At any rate, for the most part Austrians were known for being meticulous as to attention to detail and the following of protocol and rules, and I think that a banking institution would be a close second up there with government agencies in this. Unless AmEx had heard from my bank in the States since I last communicated with them, it doesn't make sense how my dad could have come away with everything resolved. I had no indication that my bank had been heard from, however, and neither the bank nor my father mentioned anything of that nature.
My inkling is that if dad was able to use some kind of clout (related to his work) he would want to sort of detract from that, and the male power logic was his effort in that direction.
The other option is that the documentation I was providing, including bank statements from my U.S. bank, actually were in fact adequate, and the bank should have accepted them without requiring the other information in the first place. In which case the bank was requesting extra information direct from the bank, which we were having trouble getting, and my father perhaps convinced them that that extra information was unnecessary, that the bank statement I'd provided were adequate. I thought that what they were requiring was part of their policies and unbendable. If that weren't the case, then what dad was saying about men having more clout may have indeed been true.

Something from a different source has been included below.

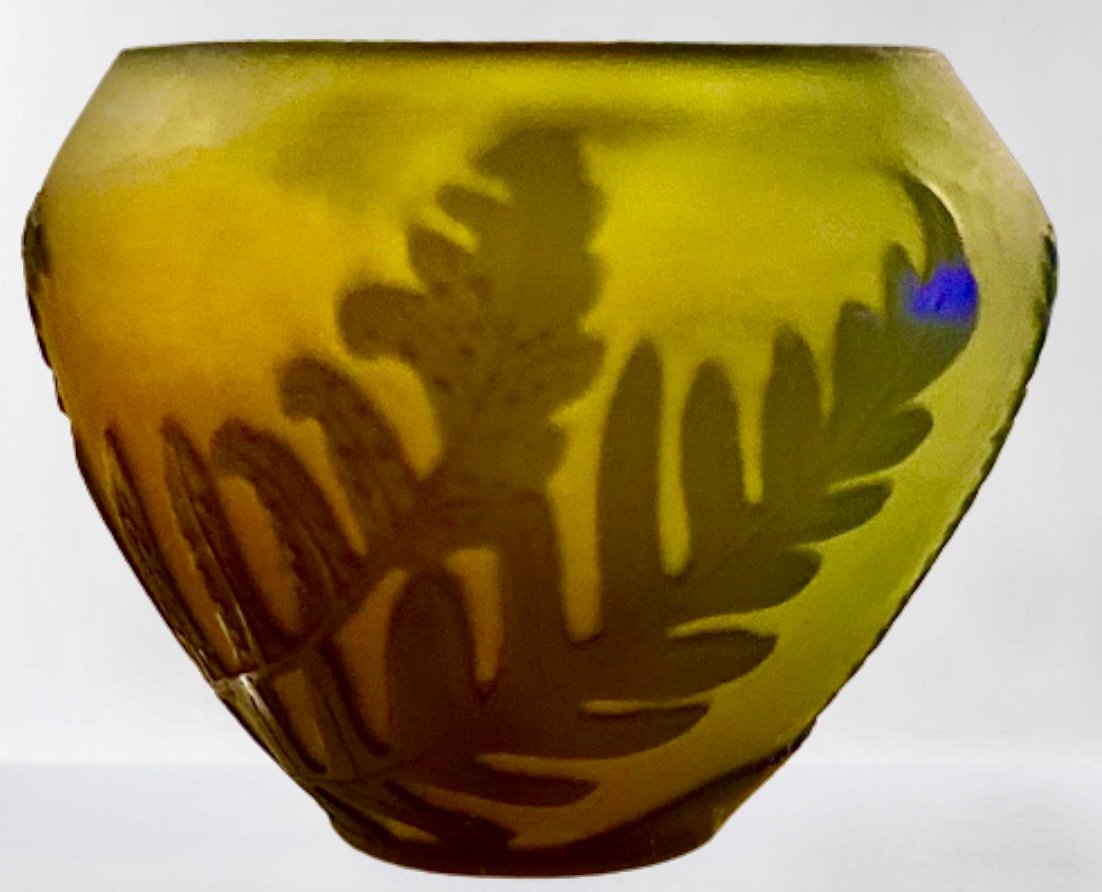Proantic: Petit verre dit de fougère teinté jaune fin XVIIe début X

The question then arises, though, as to why the bank was requiring the extra documents from the U.S. bank. After dad resolved the problem I really felt like the bank was making it so hard for me to apply because of my dad, and then when he fixed just like that, my suspicions were strengthened. You never can be sure about these things though, and that's what's so difficult and frustrating.

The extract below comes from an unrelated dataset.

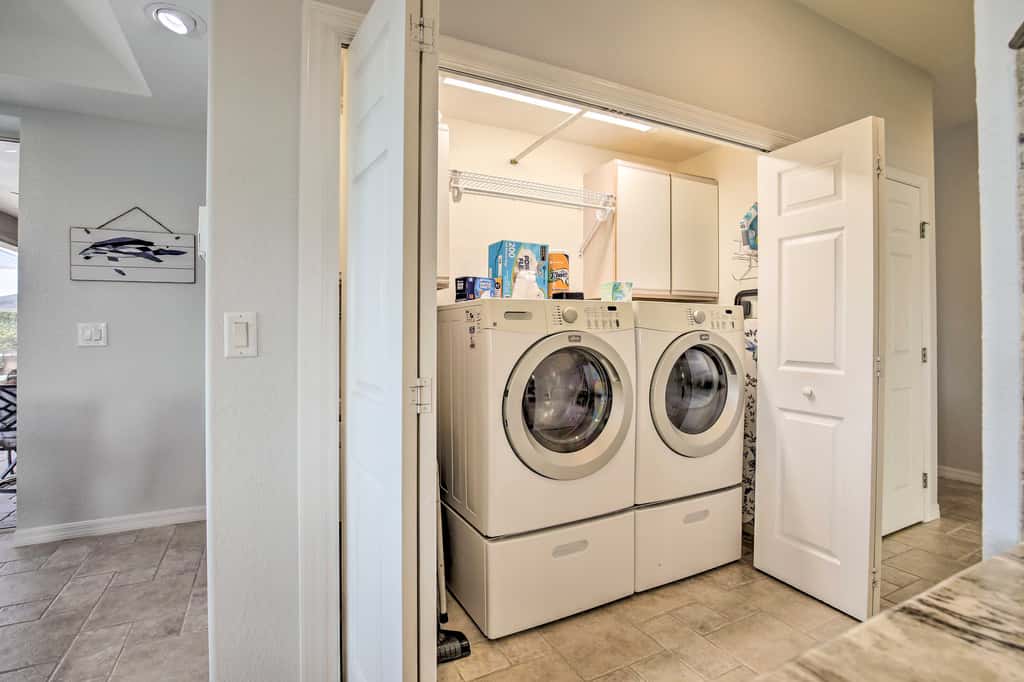 Heated Pool/Spa & Dock: Apollo Beach Home on Canal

Was AmEx requiring extra proof from direct from my U.S. bank because they didn't trust me? Did I seem untrustworthy? Was it because I got on some security list because of my dad? Was it because "I was a woman"? (dad's assertion) Presumably, if the cause was of my problem was just that I was a woman, than this kind of thing ran rampant among other women, and women were otherwise prejudiced against in the Austrian banking industry, at least they were in the 1980s. Was that so? Was that the way things were? I haven't studied that - yet - but I'd be surprised to find that this was so.